“When you consider all the new rules pouring through the regulatory pipeline, and those still to come, it is staggering,” Donohue said in his annual speech on the state of American business.
Ruckelshaus, famous for his role in the Watergate scandal as the deputy attorney general who resigned instead of following Nixon’s order to fire a special prosecutor, made his mark in politics as a moderate Republican. But he said he’d voted for Obama twice, accusing his own party of abandoning environmental issues.
“They’ve become not only neutral on the subject but antagonistic to it. I think that’s a very bad mistake, myself,” Ruckelshaus said.
When environmentalism was more popular during the Nixon years, he recalled, four executives from the U.S. automobile industry came to Washington to try to stop the Clean Air Act from passing.
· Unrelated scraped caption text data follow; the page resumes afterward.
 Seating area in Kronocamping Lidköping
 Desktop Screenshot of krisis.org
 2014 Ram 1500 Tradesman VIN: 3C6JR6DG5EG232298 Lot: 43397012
“They didn’t get anywhere,” Ruckelshaus said. “They simply misunderstood the strength of public opinion on the issue, and that was true of a lot of industrial leaders at the time.”
Today, he said, special interests are better organized, better able to stop environmental regulations with arguments that jobs are at stake. He said history proved that it was harder to get Americans to accept more regulations when the economy was weak, and he predicted that there’ll be a growing appetite to tackle global warming as the economy improves.
“This is true all over the world,” Ruckelshaus said. “Whenever people have the ability to feed, clothe and shelter themselves, then they begin to worry about some of these more esoteric issues, like the environment and public health.”